[15674] in APO-L
Re: title IX and lawsuit on a chapter
daemon@ATHENA.MIT.EDU (John Grossi)
Tue Nov 19 08:06:43 1996
Date: Tue, 19 Nov 1996 08:04:14 EST
Reply-To: John Grossi <jgrossi@MU.BBN.COM>
From: John Grossi <jgrossi@MU.BBN.COM>
To: Multiple recipients of list APO-L <APO-L@VM.CC.PURDUE.EDU>
In-Reply-To: from "Derek J. Cashman" at Nov 18, 96 5:42 pm
>
> Roger Lee Stearns Jr. added the following to the highly esteemed
> archives of APO-L:
>
> > I'm pretty sure that social fraternity/sorority's were exempt from
> > Title IX. However there are some schools that require their socials
> > to be co-ed.
>
> As far as I know, all Social Greek Organizations (i.e.

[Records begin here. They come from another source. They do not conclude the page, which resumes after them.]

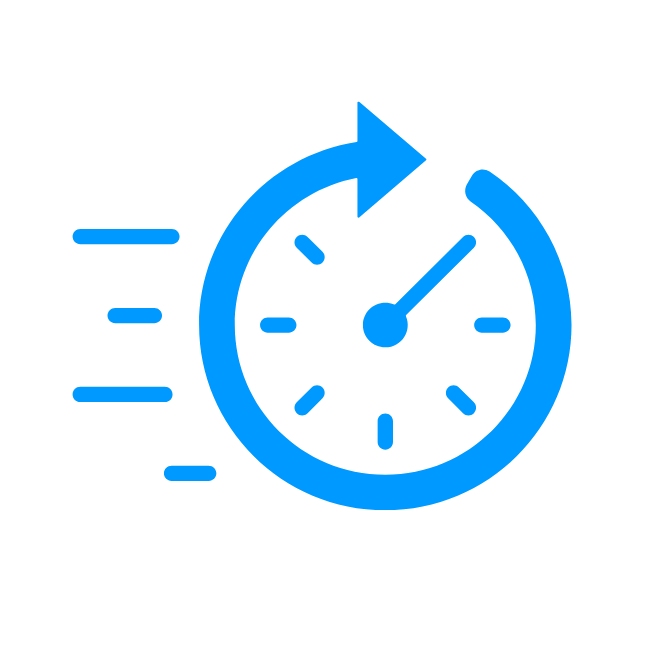 Stopwatch icon representing fast quoting, scheduling, and on-time delivery for precision machining projects.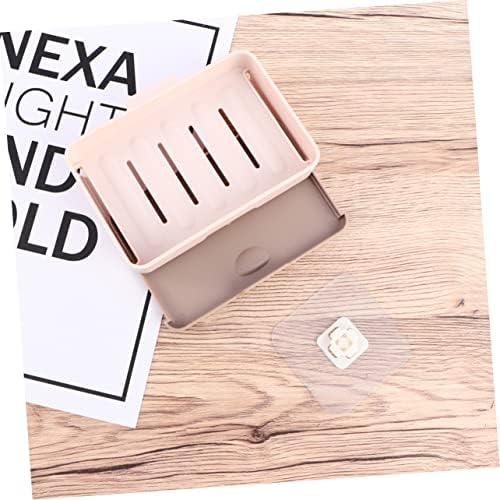 Wall-Mounted Khaki Soap Dish Holder Single Layer Draining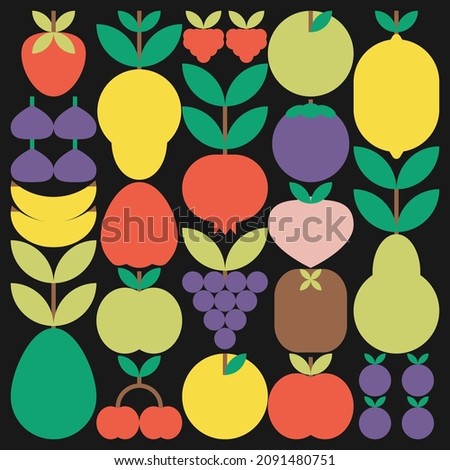Flat minimalist geometric fruit and leaves. Simple colorful fresh fruit artwork poster. Abstract vector pattern design in Scandinavian style. Mangoes, apples, pears, avocados, oranges and other fruits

Fraternities and
> Sororities) that are members of their respective
> Inter-Fraternity/Sorority Councils are exempt from Title IX, due to the
> fact that there is a "counterpart" organization for members of the
> opposite sex to join. At Old Dominion, I do know that individual
Sorry to dredge up a thankfully dead topic but; three seperate words
Derek; Gamma Sigma Sigma
> fraternities and sororities receive NO FUNDING from the state (i.e.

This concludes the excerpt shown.